I have been a fan of Steven Slate‘s several companies ever since Mixerman dubbed their digital plug-ins the only ones that sounded as good as their analog originals. From such a hardcore analog enthusiast, this was a huge endorsement. And an accurate one, as usual. Steven Slate and his colleagues have revolutionized recording, from pro studios to home hobbyists. He has made the dream of working with ultra-expensive, classic gear affordable and sonically better than perfect as he often adds features that give many great pieces of classic gear some help from newer technology while retaining their vintage sound.
That and Slate’s continuing innovations alone would have made his name revered among recordists, mixers, producers, and musicians world-wide, but he proceeded to overhaul the way plug-ins are sold by leasing the entire set of Slate Digital effects in the suitably named EVERYTHING Bundle at a price that virtually anyone can afford. And unlike some plug-ins that leave you with buyer’s remorse when you realize that you haven’t used them in months or years (often because the upgrades were just too expensive), you pay Slate Digital only for the months that you are actually using the plug-ins; those fallow months when you are either writing or just taking a break from recording, you don’t pay a cent. And when you return to recording, you will find that all of those plug-ins that have been upgraded are ready for your use.
So what’s new? Well literally, the Virtual Mix Rack has just had a major upgrade, which Slate users (or those subscribed to Steven’s blog, now a vlog) already know. It may shock you to learn that I am not an EVERYTHING Bundle user, only because I have licenses for several individual products, but still I qualify for the upgrade, and there the new story begins. It didn’t work.
This is a surprise, but I admit that I am a special case and the problems arose from the upgrade including ALL of the plug-ins available to EVERYTHING Bundle users, so I just had to delete files for products I do not own. It was a simple fix, made even simpler by an excellent video showing exactly how to carry it out. I then ran into a second problem where my iLok dongle was unrecognized, and here I learned the true depth of the innovation in tech support. I received a quick reply that directed me to another video (with text and graphics for those who prefer that format) that addressed the problem (and that I used to fix it in under a minute), but the reply also included several other ways that I might have caused the error. Paying closer attention this time, I looked over the page and found an entire list of possible problems, including problems that a user might cause themselves by making a mistake during the fix or other problems that a user could run into. So beyond just having instruction on fixing problems, they have figured out issues and problems that users might run into and have pro-actively created support solutions for these! This sets an even higher bar for tech support by plug-in makers.

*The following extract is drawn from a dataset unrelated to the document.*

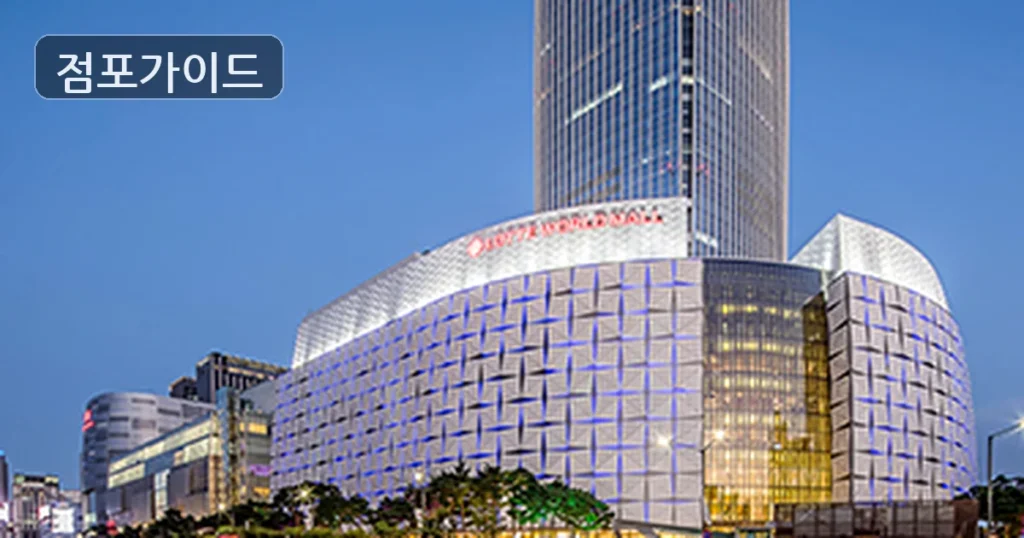 연세대학교(특수) 카페, 월매출 3,500만원의 높은 매출로 성공적인 창업 기회!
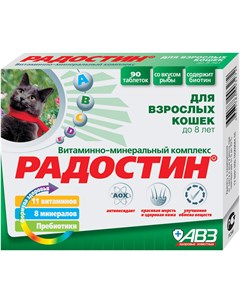 Радостин витаминно минеральный комплекс для взрослых кошек до 8 лет авз 90 таблеток Агроветзащита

These DIY videos for fixing problems are great for people who can’t afford to be offline waiting for someone to possibly get back to them. This focus on video education (which it really is) may have come from Steven Slate’s vlog, where he has set aside marketing hype in favour of demonstrating how to use several of the plug-ins to fix specific problems that we all are likely to face. A “great problem to have” is still a problem, and having so many plug-ins, it can be daunting to choose among them in live situations. Steven’s demonstrations show his own working methods as he chooses effects and tweaks them, commenting on what he is doing and why. As he says, fire up your copy and work along with him to get the feel for doing it, then vary it to suit your own taste.
I’ve written more about the technology a lot already (here and also earlier in Just Jazz Guitar), so to return to today’s focus: hats off to Slate Digital’s tech support team for not only solving my problem, but telling me which pitfalls I’m liable to encounter with fixes for them when I ignore the warnings. As usual, a very welcome improvement in an often over-looked part of any business.